High-tech cars bring Detroit, Silicon Valley face to face
Palo Alto, California — The office has all the trappings of a high-tech startup. There’s a giant beanbag in the foyer and erasable, white board walls for brainstorming. Someone’s dog lounges happily on the sunny balcony.
Welcome to the Palo Alto home of the Ford Motor Co., six miles from the headquarters of Google.
Meanwhile, in a squat, industrial building in suburban Detroit, a short drive from Ford’s headquarters, workers are busy building a small fleet of driverless cars.
The company behind them? Google.
The convergence of cars and computers is blurring the traditional geographical boundaries of both industries. Silicon Valley is dotted with research labs opened by automakers and suppliers, who are racing to develop high-tech infotainment systems and autonomous cars. Tech companies — looking to grow and sensing an industry that’s ripe for disruption — are heading to Detroit to better understand the auto industry and get their software embedded into cars.

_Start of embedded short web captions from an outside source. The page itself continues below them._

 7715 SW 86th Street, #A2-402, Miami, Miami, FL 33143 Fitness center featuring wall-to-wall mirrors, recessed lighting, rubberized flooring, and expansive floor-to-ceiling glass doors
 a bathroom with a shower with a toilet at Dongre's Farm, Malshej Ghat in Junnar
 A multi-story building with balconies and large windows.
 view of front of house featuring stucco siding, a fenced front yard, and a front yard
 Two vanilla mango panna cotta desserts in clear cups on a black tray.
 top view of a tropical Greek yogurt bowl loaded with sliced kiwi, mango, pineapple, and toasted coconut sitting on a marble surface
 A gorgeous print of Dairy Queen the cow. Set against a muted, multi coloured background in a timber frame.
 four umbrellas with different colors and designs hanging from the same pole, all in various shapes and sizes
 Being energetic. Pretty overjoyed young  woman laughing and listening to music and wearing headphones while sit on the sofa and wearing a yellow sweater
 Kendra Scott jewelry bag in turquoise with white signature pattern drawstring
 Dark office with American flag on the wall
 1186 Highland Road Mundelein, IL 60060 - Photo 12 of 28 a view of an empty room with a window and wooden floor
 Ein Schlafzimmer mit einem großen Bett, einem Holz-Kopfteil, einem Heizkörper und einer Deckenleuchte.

The result is both heated competition and unprecedented cooperation between two industries that rarely spoke to each other five years ago.
“It’s a cross-pollination. We’re educating both sides,” says Niall Berkerey, who runs the Detroit office of Telenav, a California firm that makes navigation software.
There’s also plenty of employee poaching. Apple recently hired Fiat Chrysler’s former quality chief. Ride-sharing service Uber snagged 40 researchers and scientists from Carnegie Mellon’s Pittsburgh robotics lab. Tesla’s head of vehicle development used to work at Apple.
For years the fast-paced tech industry showed little respect for the plodding car industry. Google and Palo Alto-based Tesla, with its high-tech electric sedans, convinced many to give the industry another look. The average car now processes more than 4,200 signals — from the engine and transmission to the backup camera to the radio — using 40 electronic control units, according to Boston Consulting Group.
Dragos Maciuca, a former Apple engineer who’s now the technical director of Ford’s Palo Alto research lab, says he’s seeing a new excitement about the auto industry in Silicon Valley. For one thing, cars provide a palpable sense of accomplishment for software engineers.
“If you work at Google or Yahoo, it’s hard to point out, ‘Well, I wrote that piece of code.’ It’s really hard to be excited about it or show your kids,” Maciuca he says. “In the auto industry, you can go, ‘See that button? The stuff that’s behind it, I worked on that.’ ”
Santa Clara, California-based Nvidia was best known for making chips for computer games before it got into the car business. Now, it makes the computer processors that power Tesla’s 17-inch touchscreen dashboard and Audi’s experimental self-driving cars, among other products. It had to develop new manufacturing techniques and higher levels of certification for the auto business, such as tests to make sure its computer chips would still work in subzero temperatures, says Danny Shapiro, Nvidia’s senior director of automotive.
For their part, the automakers are learning that rolling out cars that remain static for years until the next model comes out is no longer practical. At the insistence of tech companies such as Telenav and Nvidia, they’re learning to make cars with navigation, infotainment and other features that can be constantly updated.
Frankie James, a former NASA researcher who now runs General Motors’ Palo Alto office, says spotting trends and potential threats is an important part of her job. Her team alerted GM to the car-sharing trend, for example, and the automaker invested $3 million in Relay Rides in 2011.
Now, she’s watching companies that could potentially disrupt the auto business, such as Google and Apple. Google has promised a self-driving car within five years, and Apple has hired people from Tesla, Ford and other car companies for its own top-secret project.
“We need to say, ‘OK, if we think Apple is going to build something like this because they’ve got this vision of the future,’ if we take that same vision of the future, what can we do? How can we continue to play?” James says.